Adding a second Momentum 94.7 Cycle Challenge title to her Pick n Pay Cape Argus Cycle Tour win would be the cherry on top of an already successful season for Cherise Taylor of Team USN.
The defending champion, who started her run with the elite time-trial title in Port Elizabeth in February, has her sights sets on taking South Africa’s second biggest national classic on November 20 to add to her pair of Argus titles.
“It’s always been my dream to win a national title, the Argus and the 94.7 in one season. It’s quite a difficult task to be on form for all three, so we’ll see.”
Taylor, who won last year’s race in a sprint, is looking forward to having the support of teammates such as national road champion Marissa van der Merwe and SA marathon mountain bike champion Karien van Jaarsveld.
“Last year I rode on my own, so I didn’t think I had a good chance of winning, which just took all the stress off me.”
The classics rider said last year’s strategy had been to focus on both the queen of the mountains and sprint primes “. . . in case my legs gave in, then I’d have something to show for it.”
This year however the pressure will be on the reigning champ to perform, but the 22-year-old remains unfazed.
“It’s not always about winning. If I can go to the finish and say I’ve given everything and done all I could, then that’s a successful day.
“There’s nothing worse than ending off the race and feeling like you still had something left in the tank.”
Taylor said she enjoyed the route because it offered a little bit of everything.
“It’s an all-rounder’s course and therefore anything can happen. We’ve seen breaks go and we’ve seen bunch sprints.”
She said the four hotspots on the route made the racing very aggressive, as there was always something to work for.
“I’m hoping that the girls will pick up the pace. We’ve been accused of having tea parties on the road before, but the last few races have just been attack, attack, attack.
“The biggest difference for us is that in the Argus we race with the men, whereas in the 94.7 we race on our own.”
Tactically, she said, this made it difficult for smaller outfits like hers to compete against the larger teams. “But we do have the strength and we’ve proved that we can do it.”
The Port Shepstone-based cyclist said her biggest challenger would be Ashleigh Moolman-Pasio of Biogen Toyota, who has shown good form on the European racing circuit.
“I’m sure she’s got something to prove and would want to end her season off with a South African win.”
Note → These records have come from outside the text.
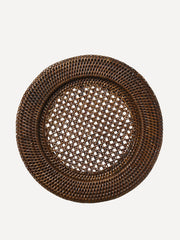 Brown rattan charger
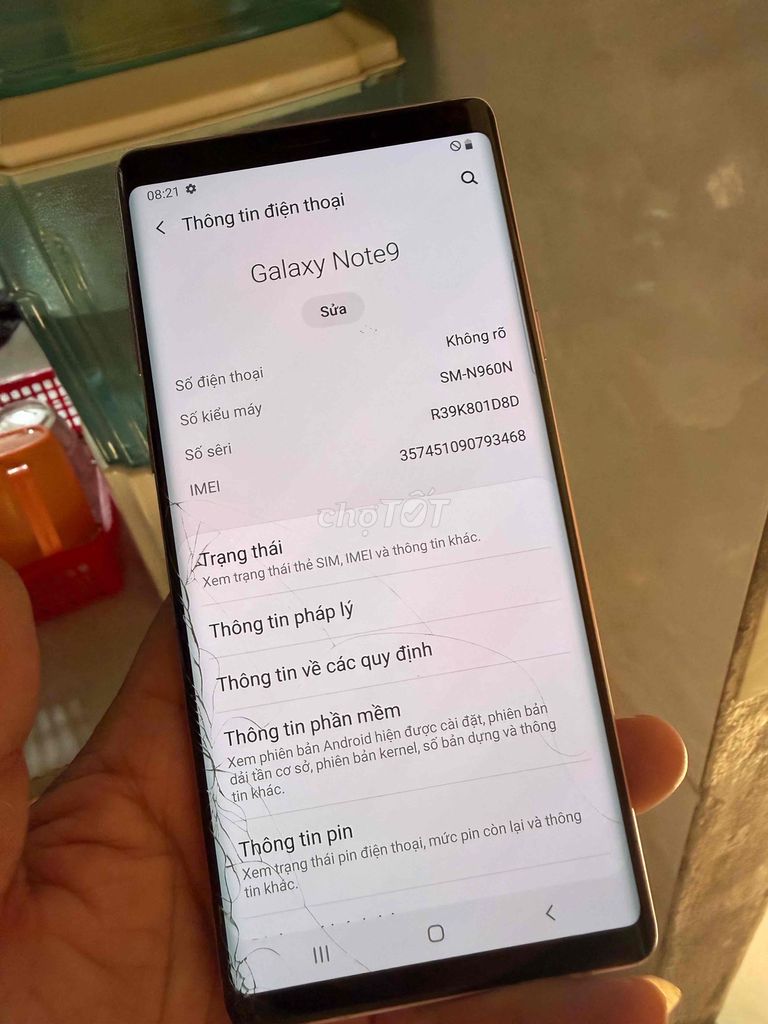 Samsung Note 9 xanh  Hàn Quốc, Grab ok. Mua bán Điện thoại tại Quận Cẩm Lệ Đà Nẵng được đăng bởi Mylinh hình 1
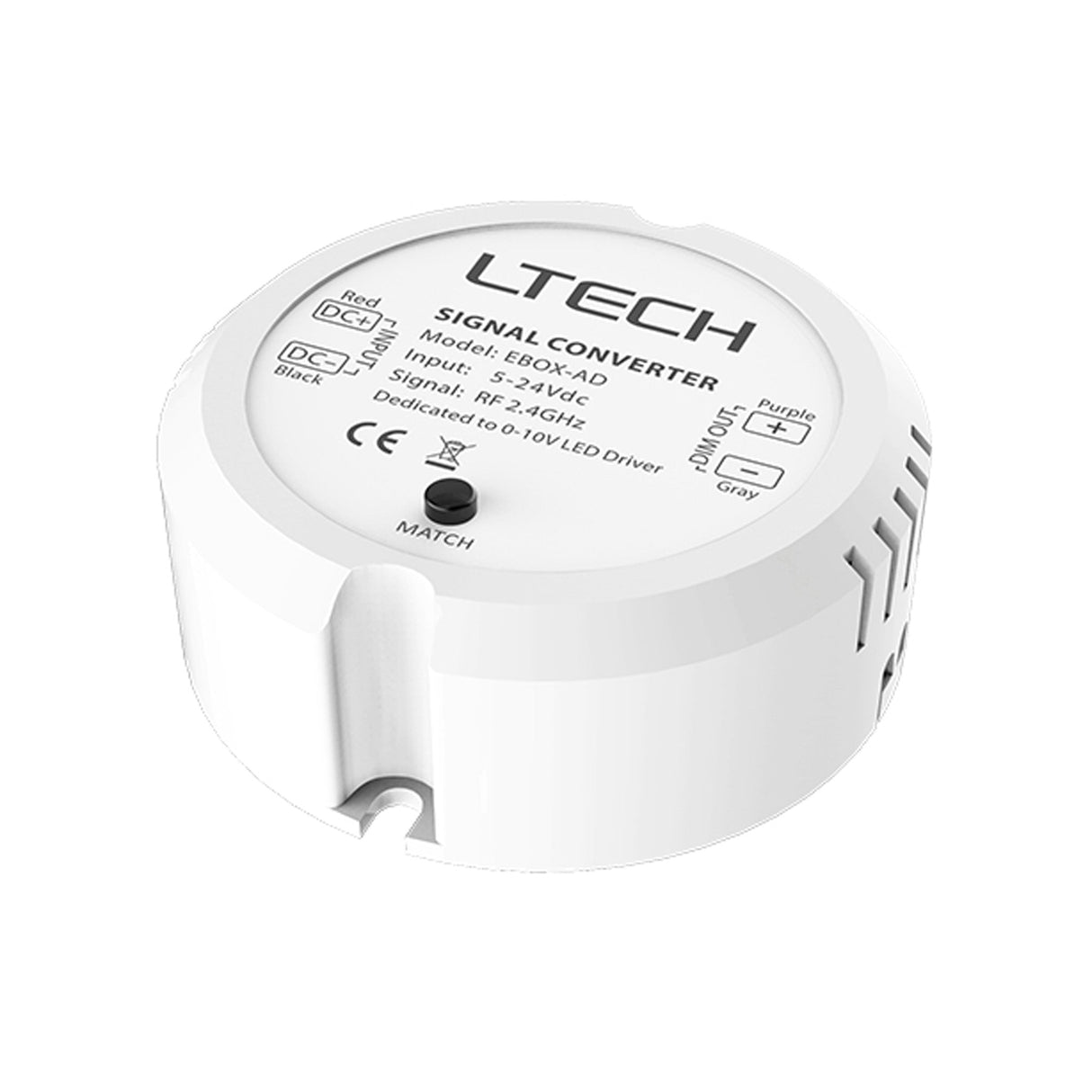Ltech EBOX - AD LBUS Wireless Module - 0 - 10V Dimmer - EBOX - AD - powersupplymall.com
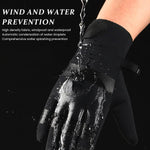 PALAY® Winter Gloves for Men Women, Warm Windproof Coldproof Touchscreen Riding Gloves, Bike Gloves, Adjustable Wrist Closure for Walking Snowboarding Hiking Cycling Outdoor, L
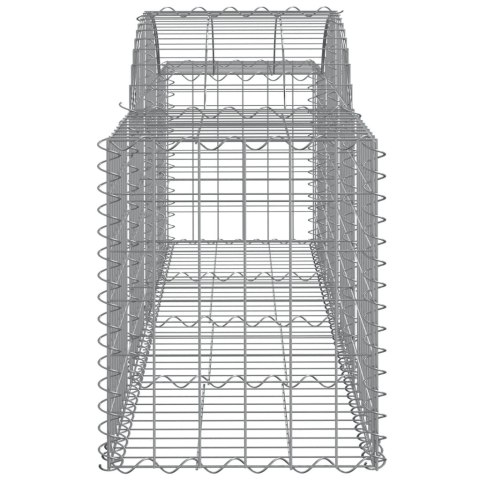 Kosze gabionowe, 11 szt, 200x50x60/80 cm, galwanizowane żelazo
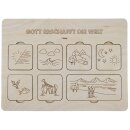 Gott erschafft die Welt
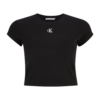 Calvin Klein Jeans Póló  fekete / fehér-Ár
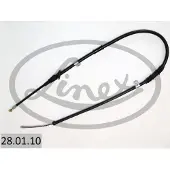 Linex Handbremsseil 28.01.10 Links für MITSUBISHI Galant V Limousine (E10) 1630/1450mm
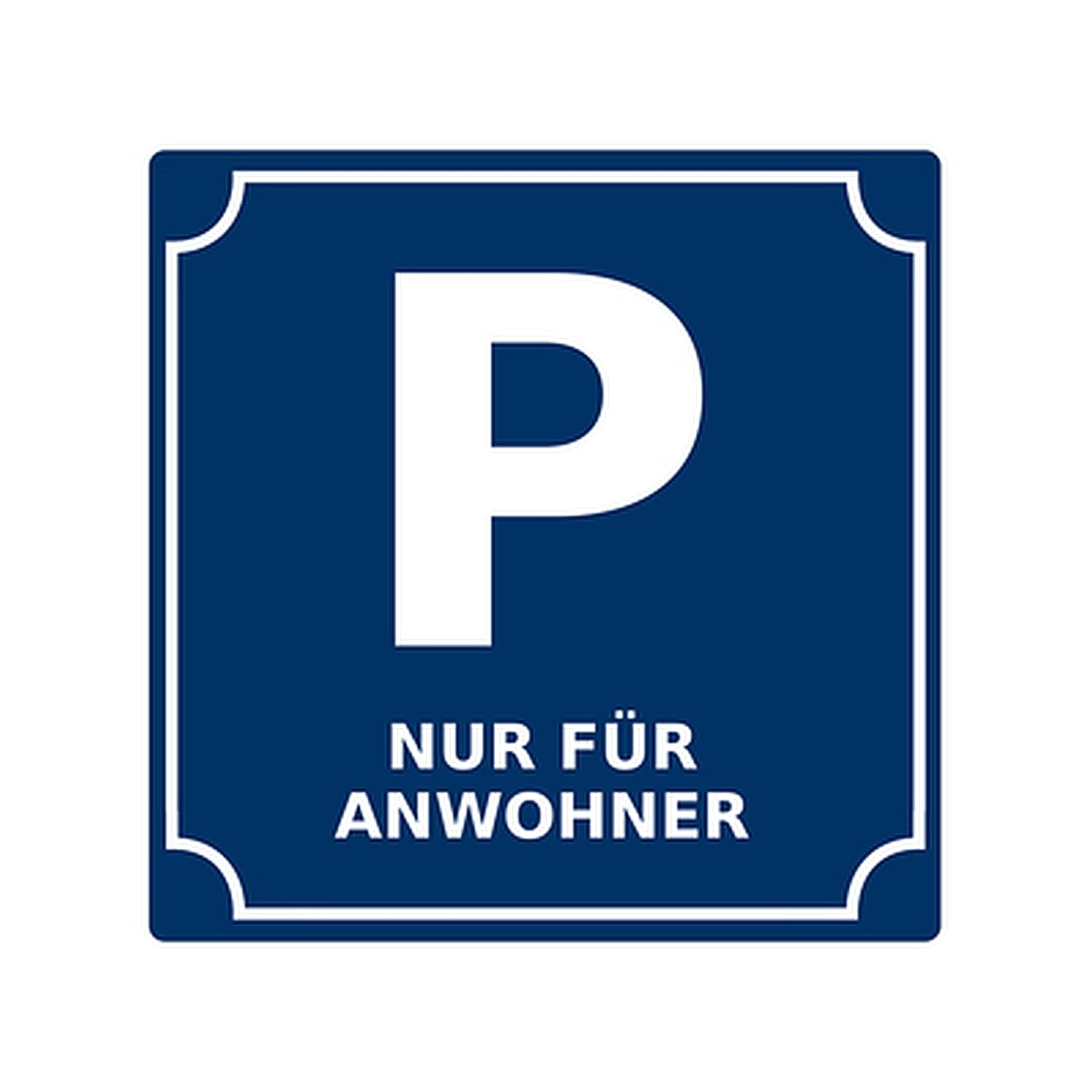 WildeBabsKLBT 2 Stück Parken nur Anwohner Verboten Kein Parkplatz S407 11cm hochwertige Premium Aufkleber-Folie Sticker Verbotszeichen Hinweisschild Warnschild Warnzeichen von WildeBabsKLBT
Taylor herself has had good international results, placing eighth in a stage at the Giro d’Italia Femminile and fifth in the third stage of the Tour of Holland.
“Internationally speaking, next year’s Olympics is big for us and I don’t think we’ve reached our potential yet.”
To this end, she has enlisted the help of Dr Jeroen Swart at the Sports Science Institute of SA.
“I’ve never really looked into the scientific aspects of cycling. If I want to go to the Olympics and get a good result there, I really need to start focusing on that.”
In order to increase her qualifying chances, Taylor will be taking part in the African Continental Championships in Eritrea later this month.
“I’m only getting back three days before the 94.7, so that’s obviously going to be factor on race day. But there are a lot of UCI points at stake, so it’s something I can’t afford to skip.”
Taylor said she was really looking forward to riding through the deserted streets of Johannesburg.
“Riding on the highway with full road closure is phenomenal. I think the traffic department and race organisers do an incredible job.”
Her fiancé, former U/23 world cross-country mountain bike champion Burry Stander, will once again be supporting her from the team car.
“We actually had an argument on the route last year,” laughed Taylor, “but he’s an amazing mentor and always helps me, especially at this time of year when you do get tired.”
The petite champ said she had come a long way with the race, having first ridden it as an eight-year-old, and intended to take a balanced approach on the day.
“I always try to look at the people on the side of the road and remember to wave back and have fun along the route.”